(RECORDS FOR THE EXERCISE begins)
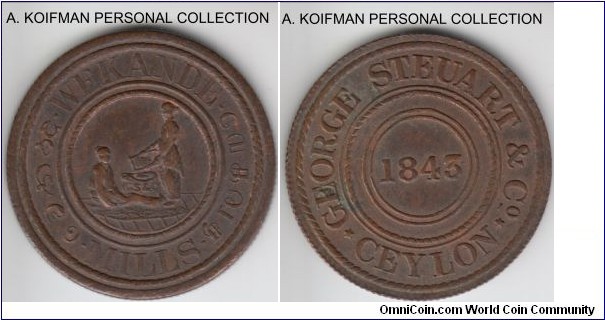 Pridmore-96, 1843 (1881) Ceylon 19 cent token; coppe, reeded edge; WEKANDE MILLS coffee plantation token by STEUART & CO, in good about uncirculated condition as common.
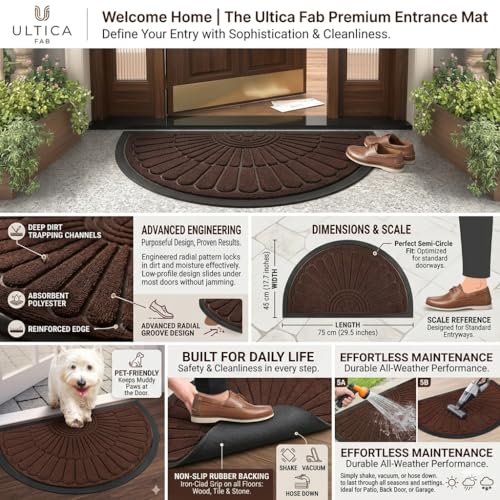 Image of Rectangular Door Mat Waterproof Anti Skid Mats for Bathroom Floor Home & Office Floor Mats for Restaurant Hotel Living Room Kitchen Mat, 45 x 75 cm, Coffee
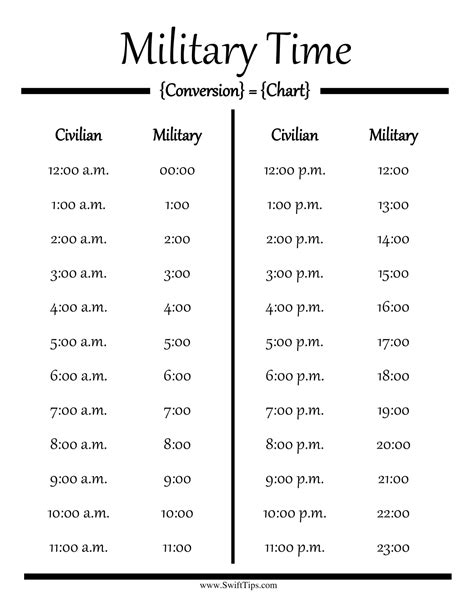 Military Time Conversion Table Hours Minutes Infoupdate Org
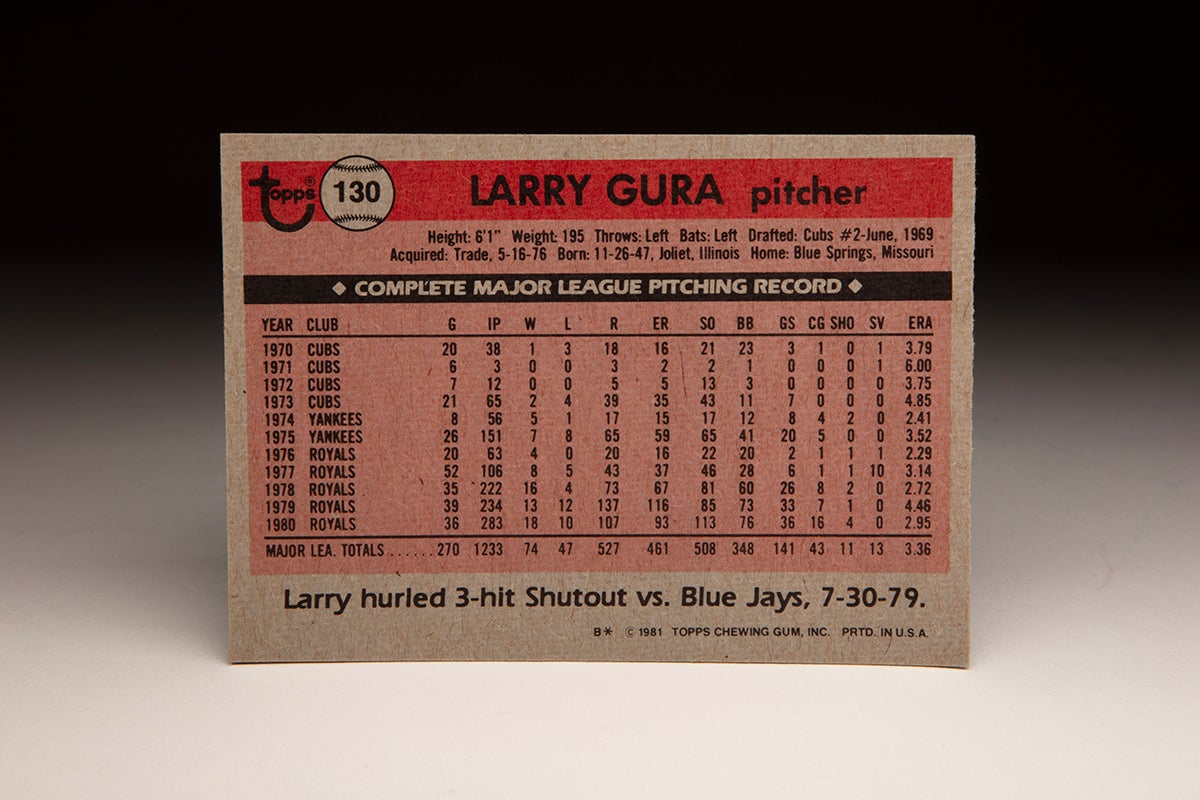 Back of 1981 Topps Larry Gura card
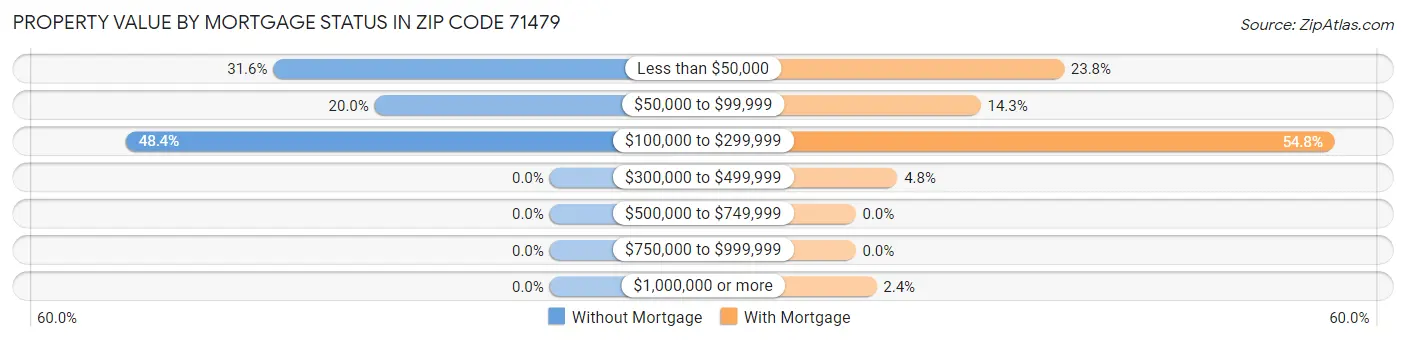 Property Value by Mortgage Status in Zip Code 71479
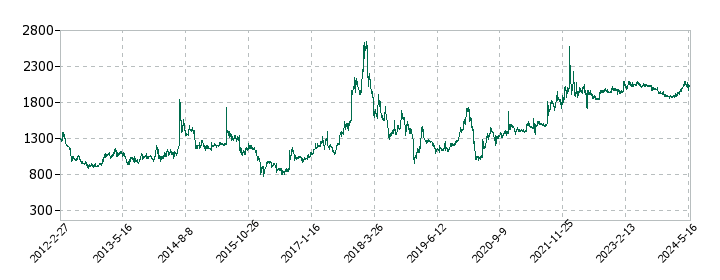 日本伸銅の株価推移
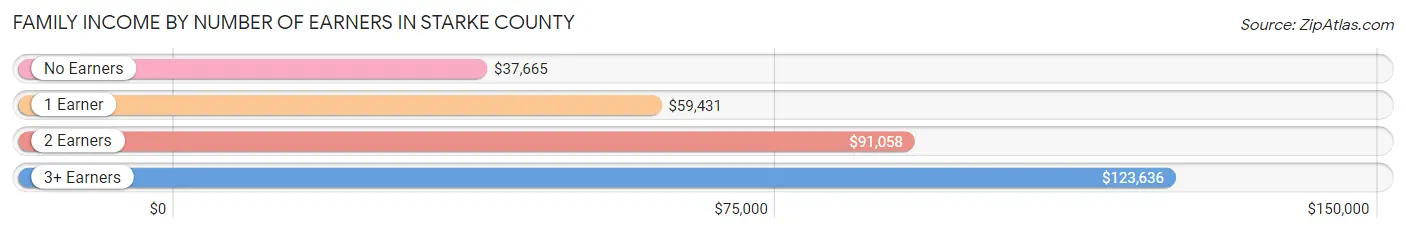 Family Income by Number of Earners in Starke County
(RECORDS FOR THE EXERCISE ends)
Verbatim copy with pictures excluded: write out the records above in full.

 Pridmore-96, 1843 (1881) Ceylon 19 cent token; coppe, reeded edge; WEKANDE MILLS coffee plantation token by STEUART & CO, in good about uncirculated condition as common.
 Image of Rectangular Door Mat Waterproof Anti Skid Mats for Bathroom Floor Home & Office Floor Mats for Restaurant Hotel Living Room Kitchen Mat, 45 x 75 cm, Coffee
 Military Time Conversion Table Hours Minutes Infoupdate Org
 Back of 1981 Topps Larry Gura card
 Property Value by Mortgage Status in Zip Code 71479
 日本伸銅の株価推移
 Family Income by Number of Earners in Starke County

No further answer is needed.